Who should foot the climate finance bill – from loss and damage funds to new funding targets – has become an enduring controversy at recent COPs.
Experts have said that at least $1 trillion (€948 billion) needs to flow to developing nations by 2030 and a new climate finance goal known as the new collective quantified goal (NCQG) hangs in the balance in Baku.
Rich countries are calling for the pool of contributors to be widened. As developing nations deal with the growing frequency and scale of climate disasters, the urgency for these funds increases.
There are big gaps that rich nations will need to fill with innovative forms of finance. From levies on high carbon activities to wealth taxes, what are some of the alternative ideas on the table for raising this cash?
Simple solutions or difficult diplomacy?
A study published by civil society group Oil Change International in September found that rich countries could raise five times the money developing nations are demanding in climate finance with a series of what it calls “simple measures”.
According to the study, a combination of wealth and corporate taxes, taxes on fossil fuel extraction and a crackdown on subsidies could generate $5 trillion (€4.7 trillion) a year – five times what developing nations say they need.
Stopping fossil fuel subsidies alone could free up $270 billion (€256 billion) in rich countries and a tax on fossil fuel extraction could raise $160 billion (€152billion). A frequent flyer levy could total $81 billion (€77 billion) a year from the rich world and increasing wealth taxes on multimillionaires and billionaires would raise a staggering $2.56 trillion (€2.43 trillion). In total, the list of measures it proposes would raise $5.3 trillion (€5.02 trillion) a year.

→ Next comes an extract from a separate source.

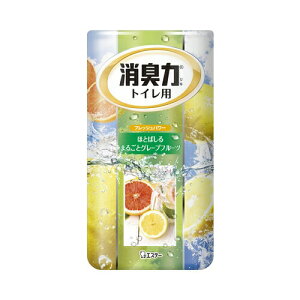 GXe[ gC̏L O[vt[c 400mL FL gCp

Some of these options are likely to be easier to implement than others. While adding a levy for frequent fliers doesn’t seem that controversial, money talks and strong opposition from billionaires could stop a wealth tax in its tracks.
Another proposal, redistributing 20 per cent of public military spending to raise $260 billion (€246 billion), could also prove tricky in a world of growing geopolitical instability.
Could a billionaire tax help pay the climate finance bill?
In July, a meeting of G20 finance ministers in Rio agreed to a “dialogue on fair and progressive taxation, including of ultra-high-net-worth individuals”. Brazilian President Luiz Inacio Lula da Silva is hoping to progress talks on this potential billionaire tax at the G20 meeting this week.
The baseline proposal from the finance ministers of Brazil, Germany, Spain and South Africa earlier this year recommended a 2 per cent tax on roughly 3,000 individuals with a net worth of more than $1 billion (€946 million). This would raise around €230 billion a year to fight poverty, inequality – and the climate crisis.
It has broad public support in G20 nations with an Ipsos poll from June showing that 70 per cent of people back the idea that wealthy people should pay higher income tax rates. But as G20 leaders meet in Brazil this week, there are reports that negotiators from Argentina’s new right-wing government are trying to undo progress made on this agreement.